Tourism officials think that some sort of list exists. At the very least, they say, they’re pretty sure some leisure destinations have been labeled as inappropriate for government meetings and other gatherings, regardless of price, because of potential image problems given the recession and ongoing financial crisis.
Depending on whom you ask, destinations on the list include Orlando; Las Vegas, Nev.; Miami; and Aspen, Colo.. But tourism officials admit that proving the existence of such a do-not-book list could be difficult.
“We’ve heard from individuals within government agencies that this unwritten list exists,” said Geoff Freeman, senior vice president of the U.S. Travel Association, a national trade group. “Based on what we’ve heard, I would expect it to be quite significant” in terms of the number of agencies involved.
Orlando’s top tourism marketer, Gary Sain, was in Washington, D.C., on Tuesday to discuss the issue with association officials.
“Right now, I’m working on trying to find the facts that could back up what we feel is happening,” said Sain, president and chief executive officer of the Orlando/Orange County Convention & Visitors Bureau. “We’re sort of fighting this ghost that we know exists because we have seen or heard it.”
Sain triggered concern locally last week when he mentioned the blacklist during a meeting with Orange County Mayor Rich Crotty and the county’s Tourist Development Council.
“Basically, it looks like right now, unofficially, Orlando and Vegas are on a list of ‘not to book’ by a number of governmental agencies,” Sain told the county advisory board. “We can’t have that go through all the governmental agencies in the United States, because as the government grows, those are more and more meeting opportunities that we could lose.”
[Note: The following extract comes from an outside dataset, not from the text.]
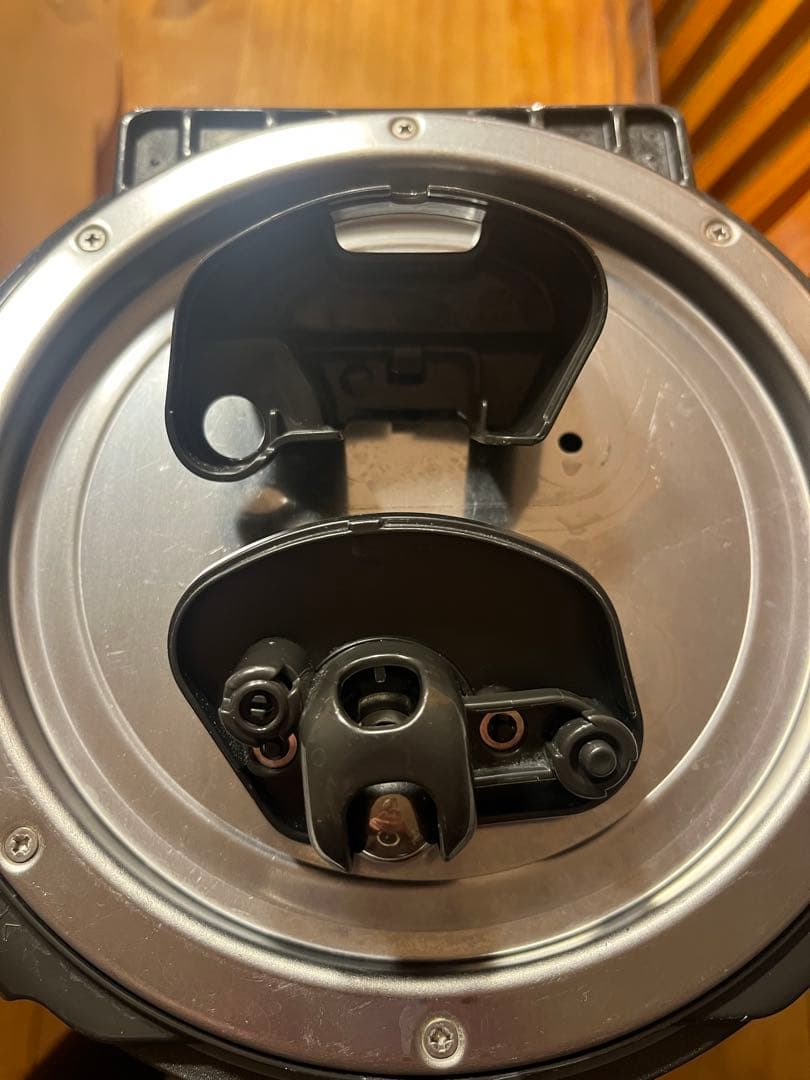 東芝　炊飯器　RC-10VST ジャンク品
When Crotty asked if Orlando might be targeted because it’s viewed as a leisure destination, Sain said the area is probably fighting a perception within the federal government that “you cannot have a serious meeting in a destination like Orlando.”
Sain’s remarks followed a local hotel’s loss of an upcoming U.S. Department of Defense conference to a rival bidder in Chicago. According to a spokeswoman for the Walt Disney World Swan and Dolphin Resort, the hotel had been courting the meeting, which would have generated 5,000 room-nights. But the agency suddenly withdrew its offer without giving a reason, saying only that Orlando was no longer under consideration.
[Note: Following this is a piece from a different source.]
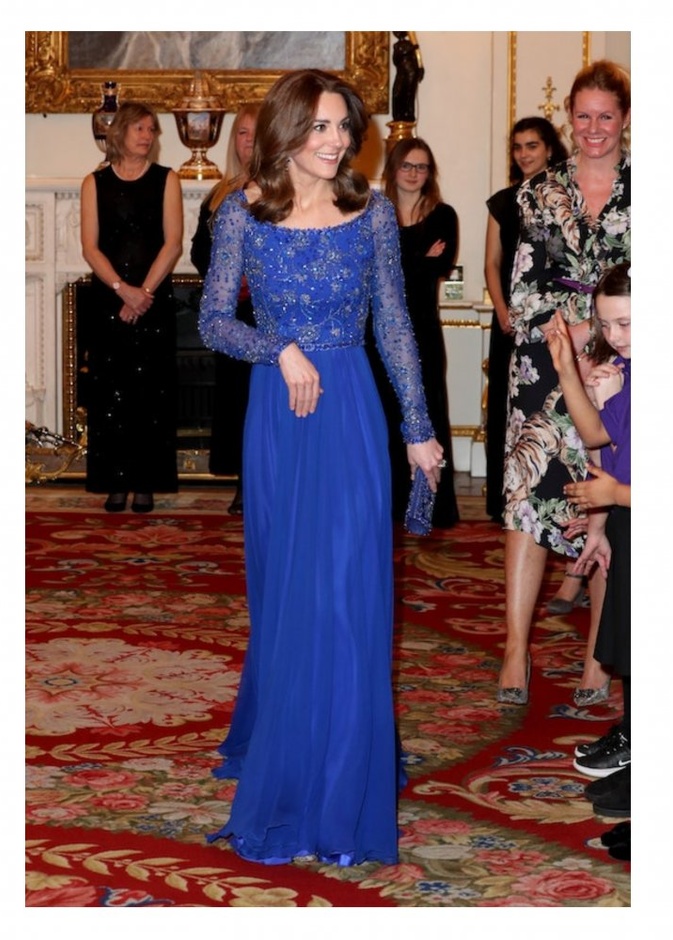 موديلات فساتين كم طويل لسهراتك الرمضانية من وحي اطلالات كيت ميدلتون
“We’re not specifically saying this is an example” of a blacklist at work, said Treva Marshall, the hotel spokeswoman. The possible existence of a do-not-book list is a destination-wide issue, not a Swan and Dolphin issue, she noted, but it’s curious that the defense agency dropped the hotel from consideration just two days after the U.S. Travel Association briefed hotel leaders on the blacklist rumors.
“We certainly find it a bit coincidental,” Marshall said.
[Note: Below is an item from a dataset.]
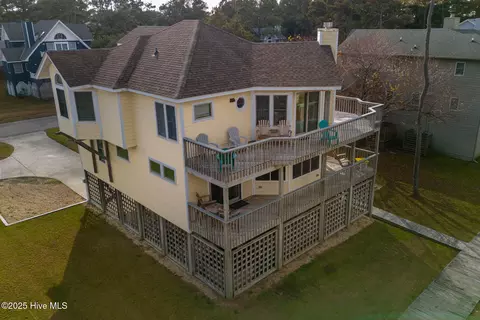 Exterior - 1037 Hampton St, Corolla, NC 27927 photo 4 of 7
Orlando’s convention-and-meetings business has been reeling for months from corporate cutbacks and negative publicity that followed the federal government’s bailout of large financial-service companies last fall.
Industry leaders have complained that news reports of troubled companies continuing to spend heavily on conferences and retreats — notably insurance giant American International Group, which hosted a lavish junket for employees after receiving billions of dollars in federal aid — have put a chill on all kinds of corporate travel.
Business travel to Orlando is expected to fall 11.2 percent this year, while overnight conventions and group meetings are expected to decline 16.2 percent, according to the latest estimates from the Orlando/Orange County Convention & Visitors Bureau.
“There may be pockets of people who feel Orlando is a leisure destination first and foremost and not a meetings destination,” Sain said. But with the region’s low airfares and the other bargains now available, he said, “Orlando should be at the top of the list as far as destinations that you should consider” for a conference, trade show or meeting.
After the reports about AIG and other bailout recipients, the U.S. Travel Association tried to limit the damage to corporate travel overall by offering guidelines that businesses and government agencies could use to help employees determine when a meeting was necessary and justified.
The trade group said it also wants members of Congress to look into how the federal government’s travel decisions are being made, and whether fear of public perception is taking precedent over competitive prices.
“At the end of the day, governments should be basing the decision on what’s in the best interest of taxpayers,” Freeman said. “Any type of blacklisting would be entirely inappropriate and counterproductive to turning our economy around.”